UPDATE 1.20pm: Shares in Southern Cross Electrical Engineering slumped after the contractor posted a 17 per cent fall in first-half profit to $4.3 million.
The result was achieved on revenue of $120.6 million, up 43 per cent on the previous corresponding period.
SCEE attributed its lower bottom line profit for the half to the later-than-anticipated timing of the award of the AngloGold Ashanti Tropicana gold project and Rio Tinto Cape Lambert Phase A.
It said forecast revenue and profit on these projects had been deferred to the second half of the year.
The company said the overhead base of the business was increased during the half year to support the growth anticipated from the two projects.

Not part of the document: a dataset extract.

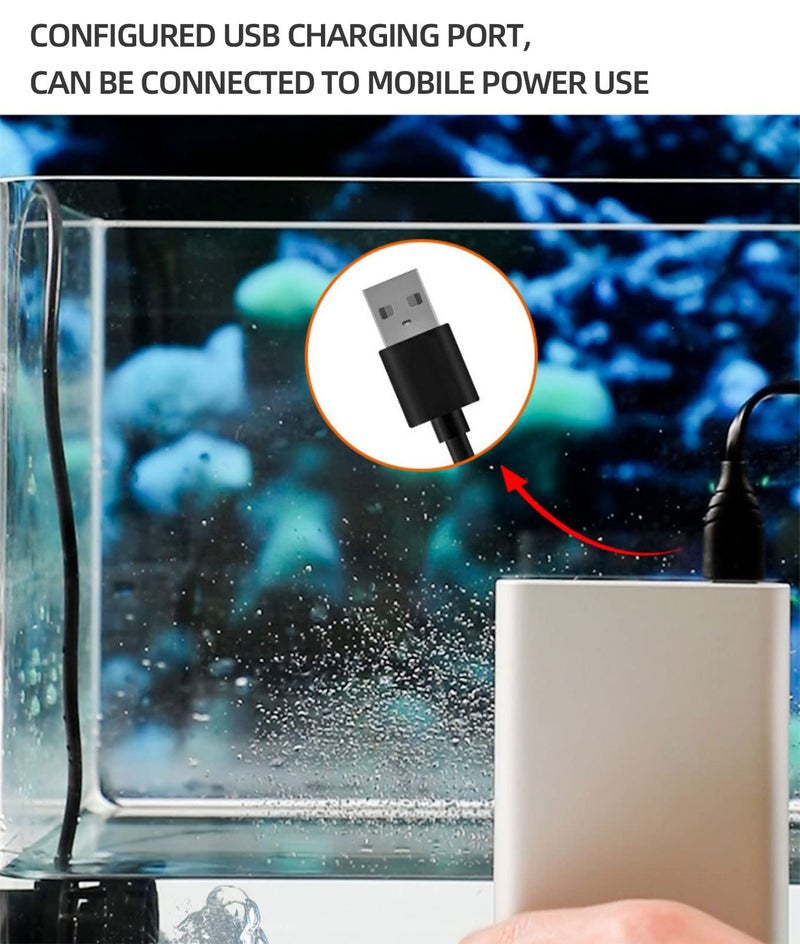 ZKSJ Mini Aquarium Pump Wave maker For Aquarium USB Power Connector 530GPH (2000L/H) Circulation Water Pump 5W DC 5V With Magnetic DC Powerhead For Tanks Up to 14 Inches And 5 10 20 Gallons Fish Tank - Image 5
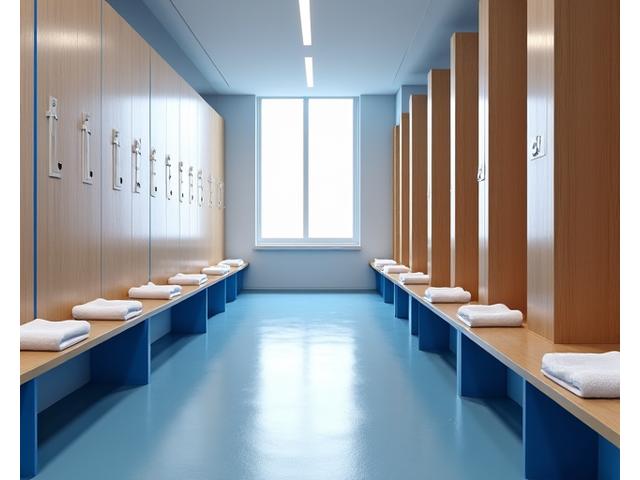 Balneário moderno e espaçoso com cacifes individuais e bancos, limpo e organizado, pronto para os atletas.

SCEE managing director Simon High said the significant increase in revenue over the period was pleasing and left the company well placed to deliver another record result in 2013.
"While it was disappointing that we could not also report an increase in net profit, were it not for the later-than-anticipated award of key contracts, I am confident this would have been the case," he said.
"The increase in overheads in the period was necessary to support our continuing growth and the business is now appropriately sized for a company aspiring to turnover in excess of $300 million."
SCEE ended the half-year with cash on hand of $46.9 million and an order book of $186 million.
SCEE shares closed down four cents, or 3.08 per cent, at $1.26.